There is much for the lean community to learn from this. And in general from good investigative journalism. It’s an interesting (and recently assailed) profession. Yes, you can learn techniques in journalism school about how to write a lead, but most good journalism that wins Pulitzers comes from deep investigation learned in the field, seeing the gemba, talking to those involved, then analyzing the facts based on that.
We could use more of this type of journalism in our 24 hour news cycles, but I also think the business world and the leaders in it could use more understanding of the gemba.

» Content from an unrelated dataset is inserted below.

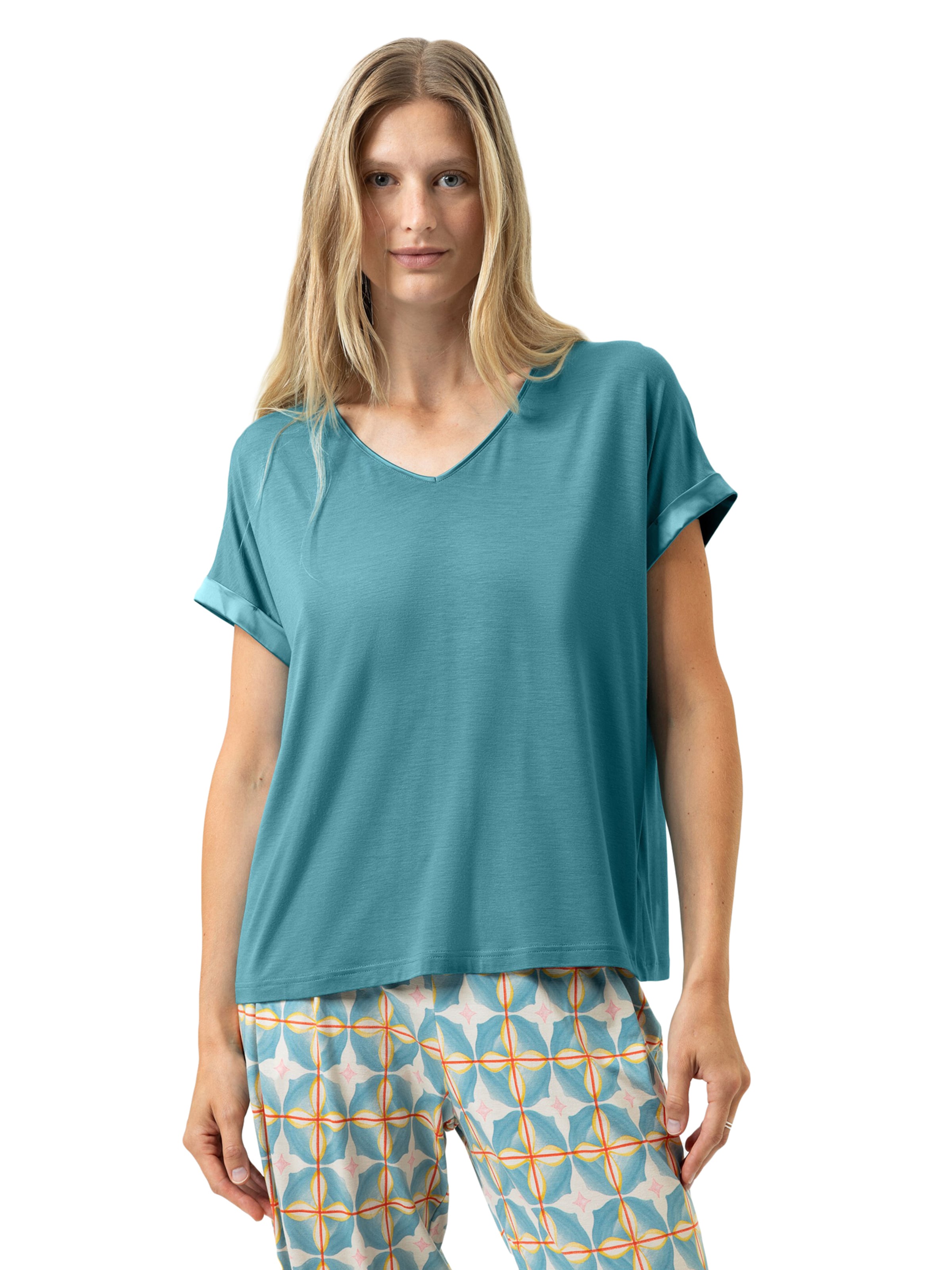 Mey Schlafshirt 'Pure Chic' in Grün: Vorderseite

I’ve recently been working with a team of top executives of a large company. It is a great company – most of its executives have served there for more than 25 years. We have worked with them on problem solving, and what they have discovered through this exercise is that their 25 years of experience have engendered a culture of “knowing the answer” without knowing the facts of the problem. They are in an industry where the gemba, or job site, is a dynamic environment that changes daily. But, they tend to make judgments, not based on a deep, personal study of the current state of the gemba, but rather on historical knowledge or experience. Let’s call it “Experience Bias”.
So as leaders we need to do “Mindful Observation” of the gemba before jumping to solutions and base our decisions on what we learn from that, not what we think we know.
I thought Joe Paterno was the greatest college coach that every lived. On the surface, the results seemed to prove that – 409 wins. But Sara Ganim, through her incessant pursuit of the facts, proved me wrong. It was truly a sad day for me – the victims of this tragedy suffered so long because many people could only look at part of the story.